Первым приближением к анализу специфики текстов, освещающих военный конфликт, является обзор тем, который при неглубоком рассмотрении можно свести к обзору заголовков. Анализ прессы Там же. (русскоязычной, немецкоязычной и англоязычной) о Кавказской войне 1998-2000 годов показал, что даже самые нейтральные темы со временем приобретают отрицательную окраску (т.е. в общем потоке пропаганды сообщения, не соответствующие ей, изменяются или просто теряются). Логичным представляется вывод о том, что многие темы военного дискурса либо вообще игнорируются всеми СМИ, либо отражены только в некоторых из них. Так, тема "зверские убийства солдат и офицеров РФ" практически отсутствует в англоязычной и немецкоязычной прессе. Что касается темы "подготовка боевиков в США, Великобритании, Германии, Афганистане", то она лишь эпизодически освещалась в СМИ Великобритании.
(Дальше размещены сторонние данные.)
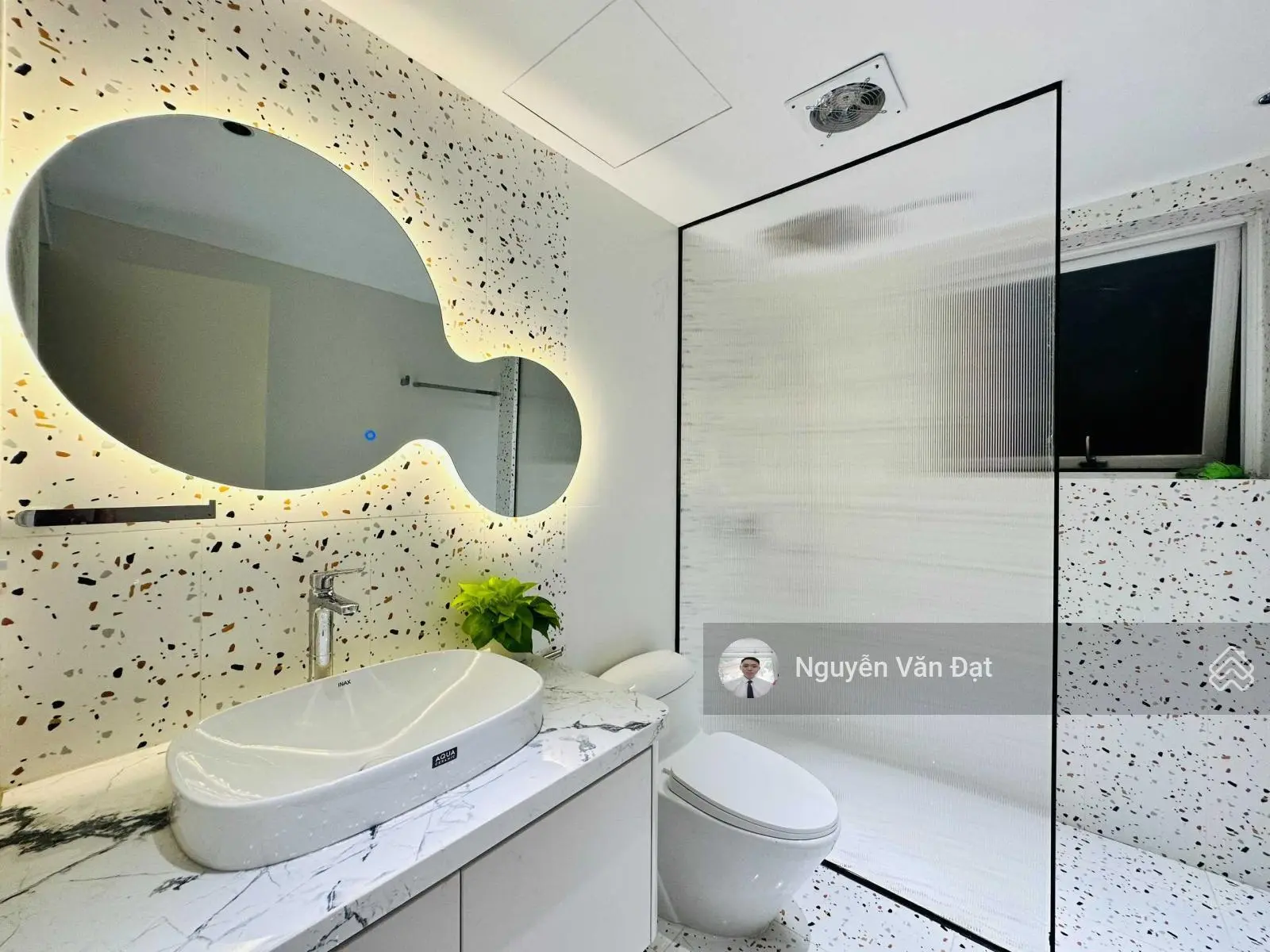 Bán căn hộ Riverside Residence, Q. 7 180m2, 4PN lầu cao view đẹp giá bán 10.3 tỷ. Call 0916 427 ***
Тема немецкоязычных СМИ "Россия бомбит стариков, женщин и детей в Чечне" по-другому сформулирована в русскоязычной прессе: "нанесение ударов с воздуха по позициям боевиков". В общем, прослеживается следующая закономерность: темы новостей прессы о Кавказской войне подчеркивают положительные качества своих и отрицательные чужих (различаясь "точкой отсчета" и ориентацией). Положительные качества чужих и отрицательные своих обычно не представлены в новостях прессы (не появляются в заголовках, на первых страницах или вообще замалчиваются). Это общая дискурсивная стратегия положительной самопрепрезентации и диффамации противника. Она доминирует в дискурсе прессы о военных событиях не только на уровне тем, но и на более глубинных уровнях.

В текстах газетных статей, порожденных в периоды военных конфликтов, неявные формы словесного воздействия приобретают эксплицитный характер. Экстремальные условия порождения текста выводят на поверхность то, что принято называть прагматической или стратегической направленностью текста. Сверхзадачей пишущего является не фактографическое описание действительности (то, что по общепринятому обозначению называется содержанием текста), а программирование прогнозируемого восприятия и реакций со стороны адресата.

Фактическим материалом для анализа интенционального содержания текстов и их насыщения манипулятивными лингвотехнологиями нам послужили публикации российских СМИ периода войны в Косово. Для анализа были привлечены тексты наиболее популярных центральных российских газет: «Аргументы и факты», «Комсомольская правда», «Независимая газета», «Российская газета», «Известия» за рассматриваемый период 1999 года (март - период активных военных действий в районе военного конфликта). В некоторых случаях используются примеры из других источников.

Современные представления о базовых лингвистических стратегиях в период военных конфликтов могут быть систематизированы в соответствии со структурой коммуникативного акта как базового понятия теории коммуникации. Лингвистические стратегии зачастую представляют собой лишь спроецированные в область речевого коммуникативного взаимодействия когнитивные стратегии, нацеленные на эффективное манипулирование производимыми умозаключениями.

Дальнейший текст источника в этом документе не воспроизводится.